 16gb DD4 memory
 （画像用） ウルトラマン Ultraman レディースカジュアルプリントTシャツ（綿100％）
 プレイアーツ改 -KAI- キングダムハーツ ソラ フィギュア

--

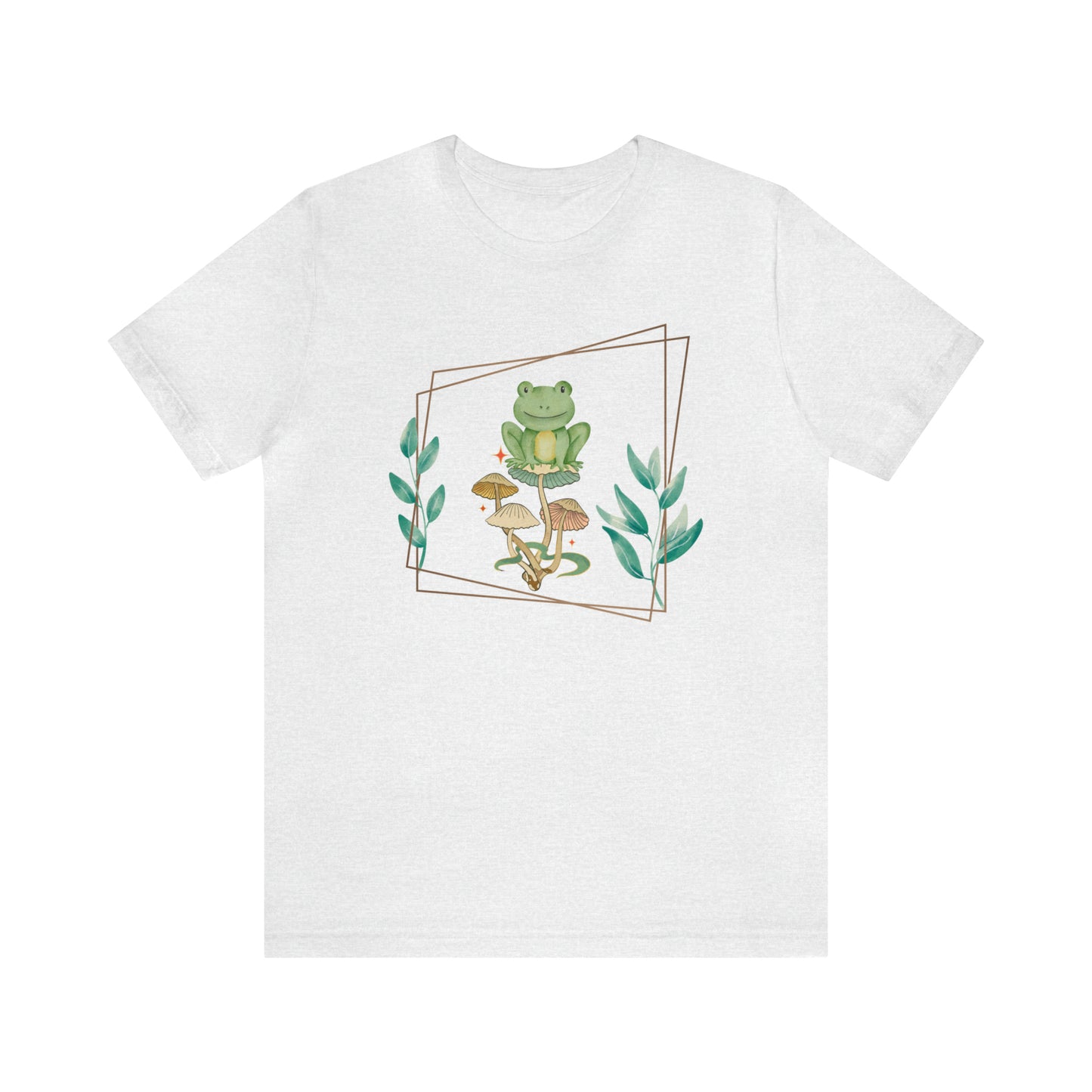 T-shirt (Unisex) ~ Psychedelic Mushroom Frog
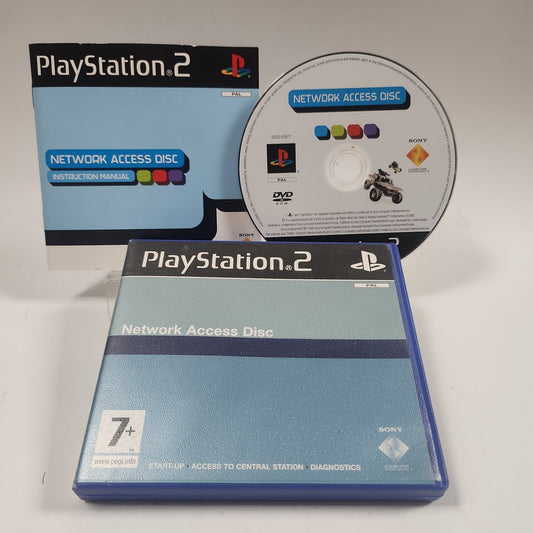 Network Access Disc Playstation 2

What to produce: What you give back should be only the lines of the records above, starting at the line with "ウルトラマン Ultraman レディースカジュアルプリントTシャツ（綿100％）" and ending at the line with "プレイアーツ改 -KAI- キングダムハーツ ソラ フィギュア", restated word for word.

Output:
 （画像用） ウルトラマン Ultraman レディースカジュアルプリントTシャツ（綿100％）
 プレイアーツ改 -KAI- キングダムハーツ ソラ フィギュア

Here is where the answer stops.